Interest grows in nest egg


PETALING JAYA: More people are contributing voluntarily to their retirement savings in the Employees Provident Fund (EPF), which is good news for a fast-ageing population like Malaysia’s.

According to a briefing on Sunday on the fund’s financial performance, voluntary contributions increased by 17.2% in 2023 compared with the previous year – that’s 133,000 more members participating in the voluntary contribution programme.While the EPF announced a respectable dividend of 5.5% for 2023, its CEO expressed concern about the number of members that do not have enough savings for their retirement, hence the encouragement to contribute voluntarily.

Posting positive growth figures consistently would certainly encourage more members to opt in to the voluntary programme, said experts, and help them to grow their savings faster ahead of their retirement.

Sunway University economics professor Dr Yeah Kim Leng said the EPF’s good performance would likely motivate more contributors to move their additional savings to the fund.

“There are already contributors who have taken advantage of EPF’s superior returns compared with other investments, to maximise their annual contributions to the EPF,” he said.

Since July 2022, the EPF has allowed members to make voluntary contributions in addition to the mandatory deductions made from their monthly salaries by their employers.

Members can start with a minimum amount of RM10 through the KWSP i-Akaun app, with a maximum contribution of RM100,000 a year.

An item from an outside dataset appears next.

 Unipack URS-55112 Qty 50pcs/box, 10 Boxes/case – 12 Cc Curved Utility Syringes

In fact, that maximum cap should be scrapped, said Malaysia University of Science and Technology Economics Prof Geoffrey Williams.

“It is a good move for people to make voluntary contributions because they can rebuild their accounts quicker and EPF offers good returns at 5.5% compared with less than 3% in fixed deposits, for example.

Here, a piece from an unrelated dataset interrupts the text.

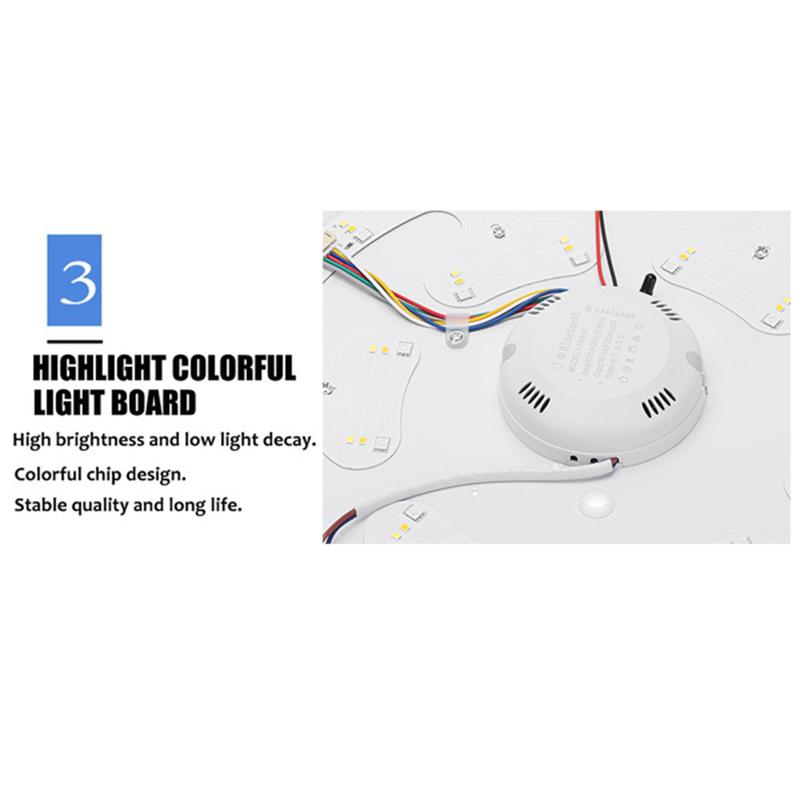 200W Nordic LED Ceiling Light Music Ceiling Lamp With bluetooth Speaker Cell Phone APP Control Dimmable Household Decor Light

“In fact, there should be no upper limit on voluntary contributions and they should be 100% tax deductible,” he said.

Malaysian Coalition on Ageing chairman Cheah Tuck Wing said everything must be done to increase savings as the burden on the younger generation to support the elderly will become greater as the population is ageing rapidly.

This fact underlines the need for sufficient retirement savings by the public, he said.

“EPF savings would be the safest form of savings and so far, EPF has been giving out higher returns compared with fixed deposit schemes, mainly due to the compounding effects,” he said.

He also called for all workers, from both the formal and informal sectors, to seriously start saving and planning for their retirement.

“For those in the informal sector it’s even more crucial because they are more vulnerable to retiring with little or no savings.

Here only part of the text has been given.